With more accessibility, and ability to deliver your own creations, will it effect your extent of needs? Ten years ago, one might not have needed a cell phone, or the Internet constantly. Now it is necessary to have a phone with the Internet on it all day. Will we go back to a more physical dependence with the introduction of these machines? Will we need physical things immediately? Having a materializer for your most impulsive ideas could have a very distracting consequence. But one could say that our most uncontrollable impulses are the ones that keep us alive, such as eating. Will this new distraction take away from valuable work or play time? What if these machines could possibly transport food?
Teleportation
Although this is far from development, there have been research and advancements in the area of teleportation, which would be the most immediate form of transport. Recently at the Joint Quantum Institute at the University of Maryland, physicist Christopher Monroe lead the effort thru what is now explored as quantum information processing. Essentially what the process does is copy all the information of an element, such as the clustering and spin of a particle or the polarization of a photon, and assigns the atoms in another space to act the same way. The same atomic element is created in two places at once. This was accomplished by sending atoms of Ytterbium, which is a rare metal, a distance of three meters. It existed in replication in two places at once for a moment in their laboratory. “This system, has the potential to form the basis for a large-scale quantum repeater that can network quantum memories over vast distance,” says Monroe. The area has further development before any major changes can occur
Conclusion
A three-dimensional printer would affect multiple industries. Many new industries could emerge. Design and content might come from the industry, or individuals. Like Wikipedia, there could be a user-based technology, with continual upgrades and innovations; a “wiki-fabricator.”

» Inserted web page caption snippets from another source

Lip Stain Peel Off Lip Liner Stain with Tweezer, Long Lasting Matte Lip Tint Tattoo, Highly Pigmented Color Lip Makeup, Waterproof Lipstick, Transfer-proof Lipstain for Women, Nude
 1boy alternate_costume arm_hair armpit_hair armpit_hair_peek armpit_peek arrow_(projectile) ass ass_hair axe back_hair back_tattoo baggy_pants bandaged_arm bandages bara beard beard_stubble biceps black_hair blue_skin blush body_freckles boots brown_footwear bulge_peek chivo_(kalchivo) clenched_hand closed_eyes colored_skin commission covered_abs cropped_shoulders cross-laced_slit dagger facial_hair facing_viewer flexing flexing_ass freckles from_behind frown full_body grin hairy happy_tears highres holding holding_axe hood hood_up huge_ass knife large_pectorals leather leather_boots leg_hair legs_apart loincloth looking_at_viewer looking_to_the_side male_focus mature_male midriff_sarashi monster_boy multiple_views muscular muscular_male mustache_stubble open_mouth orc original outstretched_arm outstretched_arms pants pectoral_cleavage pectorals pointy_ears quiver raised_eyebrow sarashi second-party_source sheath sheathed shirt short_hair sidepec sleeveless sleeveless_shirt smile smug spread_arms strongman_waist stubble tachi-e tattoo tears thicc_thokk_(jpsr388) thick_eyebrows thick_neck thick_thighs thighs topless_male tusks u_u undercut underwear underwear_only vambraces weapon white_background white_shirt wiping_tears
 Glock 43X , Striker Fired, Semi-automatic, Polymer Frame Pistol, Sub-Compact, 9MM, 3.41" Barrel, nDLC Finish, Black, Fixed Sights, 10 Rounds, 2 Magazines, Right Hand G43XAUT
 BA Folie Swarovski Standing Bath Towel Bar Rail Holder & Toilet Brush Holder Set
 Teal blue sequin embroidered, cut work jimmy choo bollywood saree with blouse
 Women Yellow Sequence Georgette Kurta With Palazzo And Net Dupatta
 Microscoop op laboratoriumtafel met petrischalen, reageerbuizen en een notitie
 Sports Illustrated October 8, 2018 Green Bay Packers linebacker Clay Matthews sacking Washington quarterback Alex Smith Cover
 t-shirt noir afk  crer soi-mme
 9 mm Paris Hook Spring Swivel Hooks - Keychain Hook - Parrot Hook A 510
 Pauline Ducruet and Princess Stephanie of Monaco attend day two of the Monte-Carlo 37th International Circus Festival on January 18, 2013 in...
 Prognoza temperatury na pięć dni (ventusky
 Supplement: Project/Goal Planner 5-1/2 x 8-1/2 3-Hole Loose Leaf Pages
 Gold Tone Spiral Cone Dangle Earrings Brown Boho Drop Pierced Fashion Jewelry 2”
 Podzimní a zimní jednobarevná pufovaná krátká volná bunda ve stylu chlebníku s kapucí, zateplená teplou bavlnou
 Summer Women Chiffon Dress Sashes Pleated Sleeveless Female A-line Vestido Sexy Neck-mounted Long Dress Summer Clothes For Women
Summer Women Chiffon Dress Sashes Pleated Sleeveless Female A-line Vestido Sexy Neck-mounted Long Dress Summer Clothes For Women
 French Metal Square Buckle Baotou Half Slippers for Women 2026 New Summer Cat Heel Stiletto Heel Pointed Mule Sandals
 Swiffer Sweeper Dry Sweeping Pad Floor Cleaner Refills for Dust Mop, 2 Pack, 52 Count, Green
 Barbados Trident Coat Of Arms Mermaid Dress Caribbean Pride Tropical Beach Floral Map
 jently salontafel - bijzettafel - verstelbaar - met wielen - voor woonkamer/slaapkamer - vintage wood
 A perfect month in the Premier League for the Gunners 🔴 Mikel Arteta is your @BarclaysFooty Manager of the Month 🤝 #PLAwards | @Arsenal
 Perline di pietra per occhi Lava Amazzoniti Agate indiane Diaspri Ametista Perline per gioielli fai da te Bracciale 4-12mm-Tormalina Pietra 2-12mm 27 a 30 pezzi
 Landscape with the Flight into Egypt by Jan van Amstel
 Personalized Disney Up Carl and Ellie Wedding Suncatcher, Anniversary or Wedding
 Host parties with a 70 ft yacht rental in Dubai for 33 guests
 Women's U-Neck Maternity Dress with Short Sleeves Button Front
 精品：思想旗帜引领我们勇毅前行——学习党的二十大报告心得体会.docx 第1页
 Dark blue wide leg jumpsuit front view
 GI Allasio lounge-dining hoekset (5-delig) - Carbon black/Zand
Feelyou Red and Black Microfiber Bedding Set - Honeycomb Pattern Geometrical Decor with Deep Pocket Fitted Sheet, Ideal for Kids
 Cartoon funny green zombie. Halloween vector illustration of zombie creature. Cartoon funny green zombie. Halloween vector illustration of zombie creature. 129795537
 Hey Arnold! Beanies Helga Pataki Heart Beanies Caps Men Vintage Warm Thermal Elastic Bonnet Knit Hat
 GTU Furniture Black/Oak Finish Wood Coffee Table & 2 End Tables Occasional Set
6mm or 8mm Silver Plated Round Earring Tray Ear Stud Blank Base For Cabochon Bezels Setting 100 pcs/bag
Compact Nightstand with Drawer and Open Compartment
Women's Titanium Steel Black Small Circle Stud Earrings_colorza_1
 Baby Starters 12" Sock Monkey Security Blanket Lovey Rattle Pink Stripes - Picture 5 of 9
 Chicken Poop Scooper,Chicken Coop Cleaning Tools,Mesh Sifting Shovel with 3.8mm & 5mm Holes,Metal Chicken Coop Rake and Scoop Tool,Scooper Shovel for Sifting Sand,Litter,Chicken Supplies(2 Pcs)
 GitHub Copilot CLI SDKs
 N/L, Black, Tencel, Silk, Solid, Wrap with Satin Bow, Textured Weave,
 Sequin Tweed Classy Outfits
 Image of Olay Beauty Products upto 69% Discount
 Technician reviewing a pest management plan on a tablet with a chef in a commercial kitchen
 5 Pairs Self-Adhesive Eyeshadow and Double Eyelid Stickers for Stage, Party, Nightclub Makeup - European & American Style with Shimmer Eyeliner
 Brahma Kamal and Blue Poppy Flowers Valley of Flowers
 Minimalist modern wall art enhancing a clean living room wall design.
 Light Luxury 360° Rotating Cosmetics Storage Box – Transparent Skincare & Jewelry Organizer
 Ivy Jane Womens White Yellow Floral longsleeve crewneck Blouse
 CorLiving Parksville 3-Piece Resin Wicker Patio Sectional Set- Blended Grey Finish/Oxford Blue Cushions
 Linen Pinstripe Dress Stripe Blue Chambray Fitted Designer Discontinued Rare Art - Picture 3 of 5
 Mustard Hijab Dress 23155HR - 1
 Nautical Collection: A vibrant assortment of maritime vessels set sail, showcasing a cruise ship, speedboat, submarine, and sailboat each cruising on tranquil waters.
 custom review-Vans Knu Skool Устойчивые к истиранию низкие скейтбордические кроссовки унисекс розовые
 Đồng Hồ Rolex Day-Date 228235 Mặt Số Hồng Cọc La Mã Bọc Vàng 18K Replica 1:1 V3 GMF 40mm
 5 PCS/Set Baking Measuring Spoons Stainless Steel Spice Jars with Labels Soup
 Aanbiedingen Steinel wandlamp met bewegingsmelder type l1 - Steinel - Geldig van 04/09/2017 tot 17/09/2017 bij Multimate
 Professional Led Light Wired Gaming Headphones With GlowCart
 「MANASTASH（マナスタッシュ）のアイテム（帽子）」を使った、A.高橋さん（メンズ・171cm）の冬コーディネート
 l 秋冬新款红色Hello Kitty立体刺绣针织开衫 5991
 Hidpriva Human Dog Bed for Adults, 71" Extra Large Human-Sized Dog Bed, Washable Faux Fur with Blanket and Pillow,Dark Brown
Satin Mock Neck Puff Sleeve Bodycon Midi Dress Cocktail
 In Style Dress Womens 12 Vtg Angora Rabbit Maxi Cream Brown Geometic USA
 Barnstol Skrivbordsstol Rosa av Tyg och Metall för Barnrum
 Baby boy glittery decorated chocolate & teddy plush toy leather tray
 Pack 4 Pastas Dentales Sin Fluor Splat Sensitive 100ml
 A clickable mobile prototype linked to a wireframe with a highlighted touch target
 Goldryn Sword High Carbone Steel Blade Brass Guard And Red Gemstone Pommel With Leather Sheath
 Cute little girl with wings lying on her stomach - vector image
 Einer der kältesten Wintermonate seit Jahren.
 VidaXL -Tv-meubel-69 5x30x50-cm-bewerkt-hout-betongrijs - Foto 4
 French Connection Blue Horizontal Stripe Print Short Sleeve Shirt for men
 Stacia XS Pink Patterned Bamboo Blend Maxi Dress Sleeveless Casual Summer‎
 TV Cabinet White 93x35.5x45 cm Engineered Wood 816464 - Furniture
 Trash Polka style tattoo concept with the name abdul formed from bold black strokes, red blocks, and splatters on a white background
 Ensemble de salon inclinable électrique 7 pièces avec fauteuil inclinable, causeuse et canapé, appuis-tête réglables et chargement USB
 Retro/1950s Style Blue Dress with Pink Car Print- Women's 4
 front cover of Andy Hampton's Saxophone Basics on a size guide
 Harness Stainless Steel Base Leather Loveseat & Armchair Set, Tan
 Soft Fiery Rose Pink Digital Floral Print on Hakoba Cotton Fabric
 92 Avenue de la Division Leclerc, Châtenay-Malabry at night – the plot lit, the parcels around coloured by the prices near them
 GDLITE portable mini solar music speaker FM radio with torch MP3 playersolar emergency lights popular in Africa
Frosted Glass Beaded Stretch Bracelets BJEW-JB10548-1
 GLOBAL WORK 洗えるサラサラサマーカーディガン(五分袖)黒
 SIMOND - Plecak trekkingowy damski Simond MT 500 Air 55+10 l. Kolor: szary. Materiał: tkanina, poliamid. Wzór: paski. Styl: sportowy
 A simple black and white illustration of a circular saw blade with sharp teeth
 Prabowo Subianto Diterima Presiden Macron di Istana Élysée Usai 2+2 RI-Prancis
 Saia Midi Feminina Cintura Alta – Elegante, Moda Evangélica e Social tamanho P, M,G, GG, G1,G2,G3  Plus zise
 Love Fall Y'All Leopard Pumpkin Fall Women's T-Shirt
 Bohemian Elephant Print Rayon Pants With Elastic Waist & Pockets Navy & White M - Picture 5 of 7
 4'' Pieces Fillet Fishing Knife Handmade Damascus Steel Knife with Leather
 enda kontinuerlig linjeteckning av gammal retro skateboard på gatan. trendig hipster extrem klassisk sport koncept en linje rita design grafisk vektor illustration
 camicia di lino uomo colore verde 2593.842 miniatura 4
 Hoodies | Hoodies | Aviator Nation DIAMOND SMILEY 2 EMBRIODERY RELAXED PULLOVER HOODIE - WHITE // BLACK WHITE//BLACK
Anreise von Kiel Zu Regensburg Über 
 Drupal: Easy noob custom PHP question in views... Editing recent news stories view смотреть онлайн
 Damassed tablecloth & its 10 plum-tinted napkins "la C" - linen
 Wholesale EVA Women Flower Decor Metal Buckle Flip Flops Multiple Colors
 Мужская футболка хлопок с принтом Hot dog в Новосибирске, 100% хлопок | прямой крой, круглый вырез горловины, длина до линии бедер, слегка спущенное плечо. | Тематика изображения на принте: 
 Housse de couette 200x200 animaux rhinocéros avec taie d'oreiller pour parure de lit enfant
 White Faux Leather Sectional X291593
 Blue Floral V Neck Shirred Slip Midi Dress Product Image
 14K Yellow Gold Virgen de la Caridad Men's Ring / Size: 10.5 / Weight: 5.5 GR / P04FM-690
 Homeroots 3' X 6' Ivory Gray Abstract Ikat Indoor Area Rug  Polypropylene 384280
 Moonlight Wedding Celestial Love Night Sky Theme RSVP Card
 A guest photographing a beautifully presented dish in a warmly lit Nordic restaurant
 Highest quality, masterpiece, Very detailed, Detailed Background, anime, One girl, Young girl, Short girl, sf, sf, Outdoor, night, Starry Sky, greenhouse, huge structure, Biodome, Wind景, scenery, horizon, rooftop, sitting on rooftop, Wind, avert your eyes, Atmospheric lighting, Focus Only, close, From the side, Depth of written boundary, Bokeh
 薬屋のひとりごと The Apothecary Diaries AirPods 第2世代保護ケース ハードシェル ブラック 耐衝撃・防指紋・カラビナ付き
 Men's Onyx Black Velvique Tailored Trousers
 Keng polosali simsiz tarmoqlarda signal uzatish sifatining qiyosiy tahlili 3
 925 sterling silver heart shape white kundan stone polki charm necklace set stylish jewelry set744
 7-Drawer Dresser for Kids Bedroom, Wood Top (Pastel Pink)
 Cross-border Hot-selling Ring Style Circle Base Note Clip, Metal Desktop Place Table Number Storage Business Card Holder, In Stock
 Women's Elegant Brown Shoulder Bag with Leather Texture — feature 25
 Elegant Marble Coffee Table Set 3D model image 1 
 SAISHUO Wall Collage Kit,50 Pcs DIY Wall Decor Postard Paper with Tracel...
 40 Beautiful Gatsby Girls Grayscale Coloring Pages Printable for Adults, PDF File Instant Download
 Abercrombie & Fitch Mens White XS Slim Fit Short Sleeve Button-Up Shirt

The industry to come from this technology is going to be one that has not been seen before in earlier Internet advancement. One big difference will be the presence of physical “stuff” as large quantities of raw material, transported everywhere. Big money could be made by the most innovative material chosen as the medium, whether it is ABS plastic, liquid polymer, or something else.
Besides limitless possibilities of profits to be had, lifestyles could change. With a few clicks of the mouse, people could have their desired custom-designed object in an “instant.”